Wie De gijzelaar, de derde roman van Karin Giphart doorbladert, zal opvallen dat die in verschillende lettertypes is gedrukt: een schreefletter voor de verhaallijn van traumatherapeute Julia, een schreefloze voor het levensverhaal dat dezelfde Julia, – inmiddels zelf cliënt geworden -, op moet schrijven van haar therapeut, en een cursieve letter voor de introductie tot het boek waarin moeder Julia de angst dat haar dochter Jowi iets zal overkomen tot uitdrukking brengt. En één doorgestreepte passage die wordt geschrapt omdat deze bij nader inzien volgens Julia de situatie in het lopende verhaal niet goed weergeeft, zoals Julia over zichzelf schrijft: ‘Haar hart maakt een sprongetje. Ik wil hier niet zijn, denkt ze. Maar goed, als dit het is, dan moet het maar zo zijn. Er komt een soort rust over haar. Als een warme deken. Ze voelt geen angst meer, geen stress, geen noodzaak. Alsof dit al heel lang in de pijpleiding zat. Kom maar op, denkt ze. Ik ben er klaar voor.’
Het verkeerde been
Karin Giphart gaat in deze roman wat betreft de verschillende typografieën verder dan wij uit haar Iets tussen broer en zus kennen. Ook in dat boek zijn zowel de Proloog als het citaat boven elk hoofdstuk cursief gezet. Maar in De gijzelaar gaat Giphart verder op dit spoor. Bovendien haakt in dit boek de ene verhaallijn knap in de andere. Het verhaal ontvouwt zich langzaam door signaalwoorden als ‘angst’, ‘makkelijke prooi’, ‘verstijven’ en ‘gijzeling’. Het zijn woorden die de lezer op het verkeerde been zetten, omdat ‘de gijzeling’ uiteindelijk anders uitpakt dan je aan het begin van het boek zou verwachten. Hierdoor wordt op een knappe manier de spanning opgebouwd en word je als lezer meegevoerd.

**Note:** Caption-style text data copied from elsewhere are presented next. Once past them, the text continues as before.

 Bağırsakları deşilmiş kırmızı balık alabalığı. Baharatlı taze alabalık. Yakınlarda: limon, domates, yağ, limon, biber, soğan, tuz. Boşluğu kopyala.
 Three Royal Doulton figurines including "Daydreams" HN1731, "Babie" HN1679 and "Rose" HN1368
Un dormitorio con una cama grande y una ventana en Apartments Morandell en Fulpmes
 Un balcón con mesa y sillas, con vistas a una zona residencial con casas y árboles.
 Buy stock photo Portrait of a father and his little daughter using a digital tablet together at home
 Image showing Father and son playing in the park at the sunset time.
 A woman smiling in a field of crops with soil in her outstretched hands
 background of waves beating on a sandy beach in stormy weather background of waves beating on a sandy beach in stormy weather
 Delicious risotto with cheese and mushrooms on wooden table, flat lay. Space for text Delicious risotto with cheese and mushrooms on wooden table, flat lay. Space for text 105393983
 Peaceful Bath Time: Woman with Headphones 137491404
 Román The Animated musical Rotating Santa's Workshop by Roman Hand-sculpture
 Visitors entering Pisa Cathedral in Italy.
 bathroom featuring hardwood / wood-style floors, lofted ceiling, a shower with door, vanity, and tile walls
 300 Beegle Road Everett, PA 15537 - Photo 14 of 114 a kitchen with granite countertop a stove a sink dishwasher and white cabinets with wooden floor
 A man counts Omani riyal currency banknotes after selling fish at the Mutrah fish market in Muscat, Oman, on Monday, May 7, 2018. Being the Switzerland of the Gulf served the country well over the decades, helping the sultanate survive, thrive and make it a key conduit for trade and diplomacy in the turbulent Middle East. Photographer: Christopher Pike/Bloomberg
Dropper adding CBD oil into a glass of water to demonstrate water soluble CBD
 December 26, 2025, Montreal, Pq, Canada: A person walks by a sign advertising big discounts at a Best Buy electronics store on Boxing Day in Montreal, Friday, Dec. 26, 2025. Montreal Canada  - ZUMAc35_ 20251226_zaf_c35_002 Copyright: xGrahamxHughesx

Het zijn ook verhaallijnen die elkaar spiegelen. Zoals Joni’s pubergedrag lijkt op dat van de jonge Julia en Julia’s reactie daarop weer op die van haar moeder. Behalve spiegelingen, worden ook de rollen soms omgedraaid. Bijvoorbeeld wanneer Jowi cliënt wordt en wanneer op Eerste Kerstdag een oud-patiënt, de Koerd Othman Nawros op haar voicemail om hulp vraagt en ze hem, blijkbaar tegen alle gebruiken in, terugbelt. Othman, de man die er destijds al voor zorgde dat de haartjes op haar armen rechtop gingen staan, en ze jeuk kreeg tussen haar schouderbladen. ‘Alarmbellen, dat gevoel. En dat voelt ze nu weer. Ze rilt er letterlijk van.’ Zoals volgens Jowi ook asielzoekers in Ter Apel soms even bang zijn als zij, zo bang dat ze trillen, met klapperende tanden.
Gelaagd en geslaagd
Niet alleen de vorm van deze spannende roman, met de verschillende lettertypen, spiegelingen en omkeringen is mooi opgezet en uitgewerkt, ook het taalgebruik draagt eraan bij dat van een buitengewoon geslaagd boek kan worden gesproken. Er zijn mooie zinnen die het verhaal, en de lezer, even afremmen omdat ze door hun taalgebruik blijven haken, zoals: ‘Julia die bij thuiskomst niets zei, maar alles keek. De waarom-ben-je-er-wel-voor-iedereen-maar-niet-voor-mij blik.’ Het doet denken aan wat Giphart, die niet alleen schrijver maar ook singer-songwriter is, zelf ‘tempo rubato’ noemt. Dat is ‘de meest onbegrepen en omstreden maat in de muziek.’ Het verhaal lijkt op die manier soms een sierlijk ingehouden rondje te maken als een schoonschaatser op de muziek.
Diepte
Het is ook niet alleen het opbouwen en weer inhouden van de verhaallijnen, van de spanning die zo wordt opgebouwd en weer wordt teruggenomen die tonen dat hier een schrijfster aan het werk is die haar vak verstaat. Er zit ook een diepte in het verhaal die er een extra laag in aanbrengt. Dat wordt gedaan door korte zinnetjes die een enorme lading hebben, zoals: ‘Je kunt jezelf recht in de ogen kijken. Denken en doen staan niet op hetzelfde niveau.’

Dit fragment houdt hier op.